TASK ITEM
From the records below, transcribe exactly the lines that begin at the line with "Character Map of GalacticFuss72 Regular" and end at the line with "Nike Air VaporMax", both included.

══ EXTRACTED MATERIAL ══

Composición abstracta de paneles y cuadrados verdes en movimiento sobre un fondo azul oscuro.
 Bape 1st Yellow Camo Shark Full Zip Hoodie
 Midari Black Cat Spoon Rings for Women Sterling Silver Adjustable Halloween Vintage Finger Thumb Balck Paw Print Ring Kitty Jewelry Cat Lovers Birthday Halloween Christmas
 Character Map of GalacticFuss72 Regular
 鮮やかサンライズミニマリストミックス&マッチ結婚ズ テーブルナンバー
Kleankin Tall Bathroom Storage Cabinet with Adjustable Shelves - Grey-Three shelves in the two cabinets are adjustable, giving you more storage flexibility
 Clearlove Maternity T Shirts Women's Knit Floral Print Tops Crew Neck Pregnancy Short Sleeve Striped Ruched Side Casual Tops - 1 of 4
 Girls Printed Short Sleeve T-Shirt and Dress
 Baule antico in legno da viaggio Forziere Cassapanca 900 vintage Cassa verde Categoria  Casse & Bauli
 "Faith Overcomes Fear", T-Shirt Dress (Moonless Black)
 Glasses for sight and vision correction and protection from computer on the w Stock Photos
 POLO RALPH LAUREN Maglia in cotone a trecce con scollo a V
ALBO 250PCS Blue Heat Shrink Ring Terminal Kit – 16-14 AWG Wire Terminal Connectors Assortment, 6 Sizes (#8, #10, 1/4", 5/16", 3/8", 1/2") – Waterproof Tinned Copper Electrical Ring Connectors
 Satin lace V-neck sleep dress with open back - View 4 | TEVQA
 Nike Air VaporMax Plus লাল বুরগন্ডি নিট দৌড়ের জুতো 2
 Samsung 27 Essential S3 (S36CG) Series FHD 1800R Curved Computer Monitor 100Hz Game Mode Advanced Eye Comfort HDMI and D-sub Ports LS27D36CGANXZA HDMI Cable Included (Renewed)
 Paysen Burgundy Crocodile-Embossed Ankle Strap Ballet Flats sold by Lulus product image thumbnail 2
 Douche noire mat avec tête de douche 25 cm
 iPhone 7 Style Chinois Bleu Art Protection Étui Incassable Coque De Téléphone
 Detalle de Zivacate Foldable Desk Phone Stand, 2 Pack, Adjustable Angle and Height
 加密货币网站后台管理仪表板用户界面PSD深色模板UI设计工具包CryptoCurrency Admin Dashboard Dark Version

═══

EXPECTED OUTPUT
 Character Map of GalacticFuss72 Regular
 鮮やかサンライズミニマリストミックス&マッチ結婚ズ テーブルナンバー
Kleankin Tall Bathroom Storage Cabinet with Adjustable Shelves - Grey-Three shelves in the two cabinets are adjustable, giving you more storage flexibility
 Clearlove Maternity T Shirts Women's Knit Floral Print Tops Crew Neck Pregnancy Short Sleeve Striped Ruched Side Casual Tops - 1 of 4
 Girls Printed Short Sleeve T-Shirt and Dress
 Baule antico in legno da viaggio Forziere Cassapanca 900 vintage Cassa verde Categoria  Casse & Bauli
 "Faith Overcomes Fear", T-Shirt Dress (Moonless Black)
 Glasses for sight and vision correction and protection from computer on the w Stock Photos
 POLO RALPH LAUREN Maglia in cotone a trecce con scollo a V
ALBO 250PCS Blue Heat Shrink Ring Terminal Kit – 16-14 AWG Wire Terminal Connectors Assortment, 6 Sizes (#8, #10, 1/4", 5/16", 3/8", 1/2") – Waterproof Tinned Copper Electrical Ring Connectors
 Satin lace V-neck sleep dress with open back - View 4 | TEVQA
 Nike Air VaporMax Plus লাল বুরগন্ডি নিট দৌড়ের জুতো 2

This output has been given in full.